PCC was acquired by Berkshire Hathaway, the giant investment group led by Warren Buffett, in January 2016, essentially turning it from a publicly traded and publicly accountable company to a private asset.

Arconic, meanwhile, has been suffering corporate turmoil. In November 2016, Arconic split off from Alcoa but then saw three CEOs in as many years due to disappointing financial results, in part from a failed acquisition, as well as a spat with an activist investor and continued divestitures and restructuring. On Jan. 27, Arconic announced it expects to split into two companies on April 1, an aluminum rolling company and a mostly aerospace-focused business to be called Howmet Aerospace, an homage to the former Howmet Castings bought by Alcoa in 2000.

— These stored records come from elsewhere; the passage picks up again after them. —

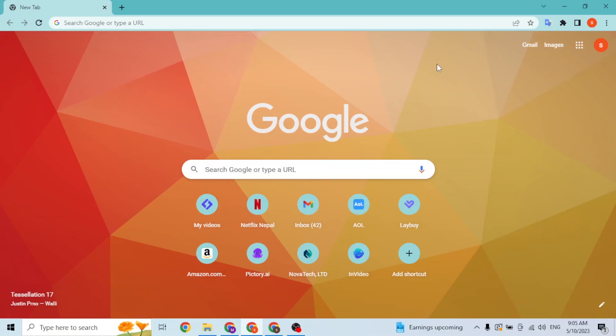Hey guys, welcome. Today I'll be showing you how to login to your Libero Mail account online on your computer. Now let's dive right in. To login to your Libero Mail account on your computer, first open up your preferred browser.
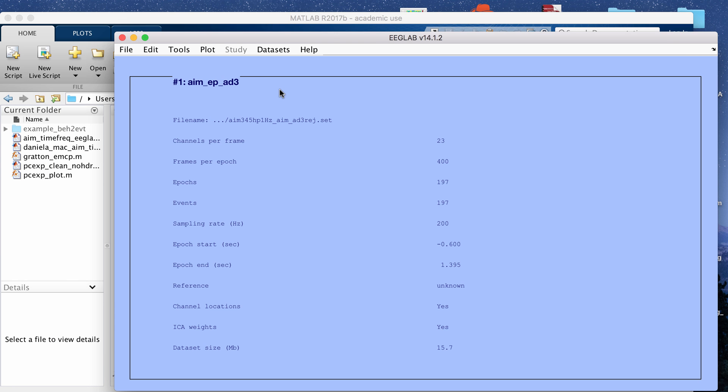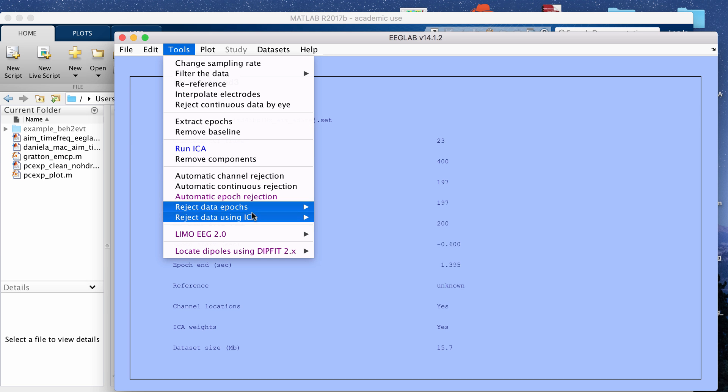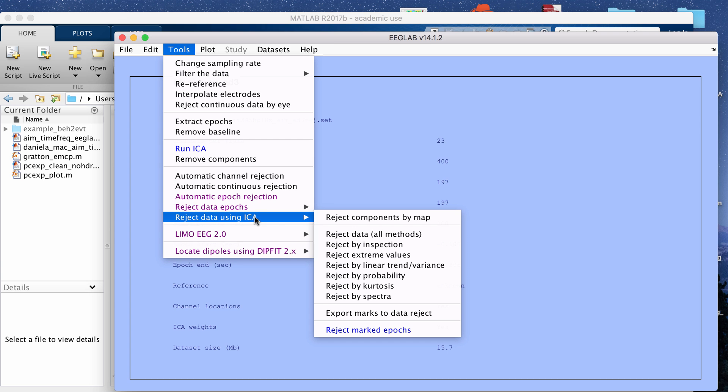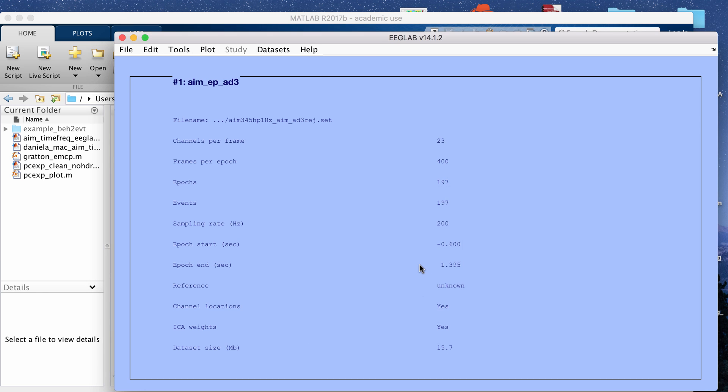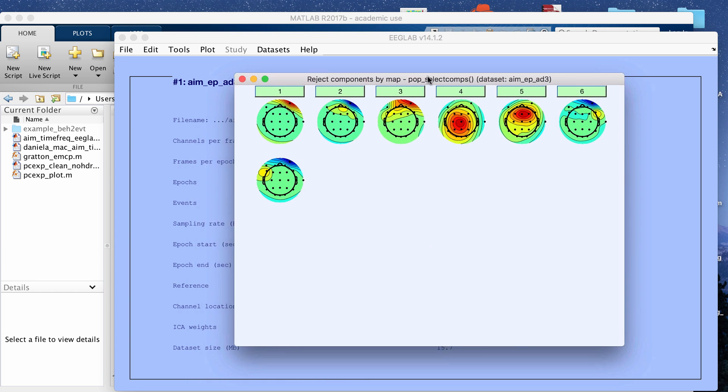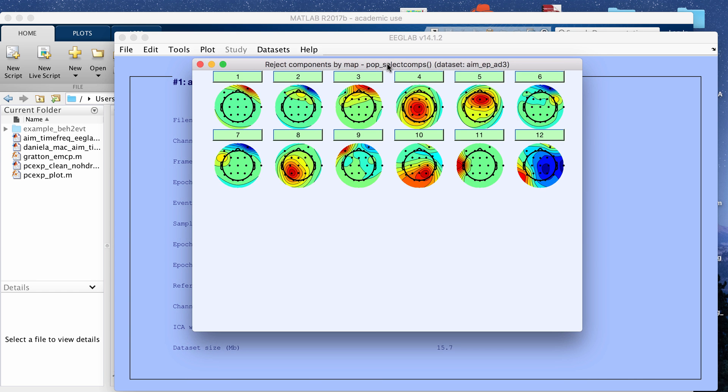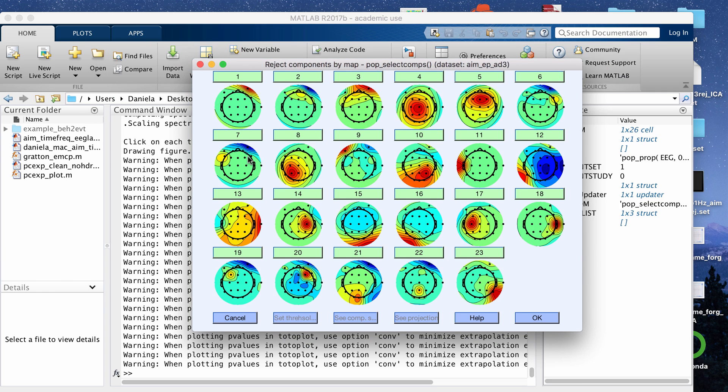Then there's another way of looking at this as well. You can go to tools, reject data using ICA, and then click reject components by map. I'm going to plot the 23 electrodes or 23 components that I have and then that will open up this window and then you can check each individual component by clicking the green button above their topography maps.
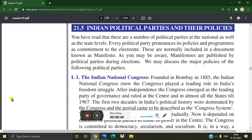Hello dear students, today we are going to cover the next topic which is Indian Political Parties and their policies. You have read that there are a number of political parties at the national as well as the state levels. Every political party pronounces its policies and programs as commitment to the electorate.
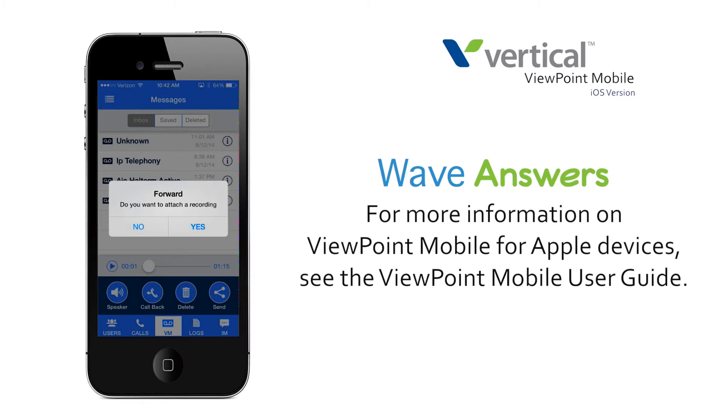For more information on Viewpoint Mobile for Apple devices, see the Viewpoint Mobile User Guide.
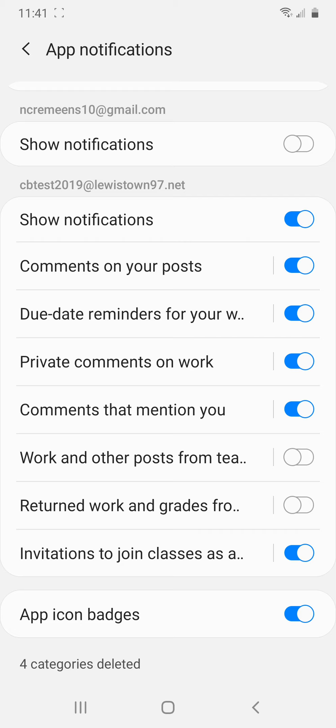Due date reminders for your work. So this would be very helpful if you had a class that had assignments that weren't due the same day every week. So last spring, all my assignments were due on Sunday night at midnight, or right before midnight.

Yet additional layoffs are possible because of the MAX production halt, according to Arconic Chairman and CEO John Plant. “My expectation is that we will actually be reducing headcount,” he told an earnings teleconference, also citing other actions such as partially paid vacation for workers and production shift changes. More information is likely to be forthcoming at a Feb. 25 investor briefing for the new Howmet and Arconic.

Indeed, according to AeroDynamic Managing Director Kevin Michaels, Tier 4 raw material and forging and casting suppliers all will be affected by the MAX halt. Moody’s Investors Service surmised PCC derives more than 10% of its revenue from the MAX.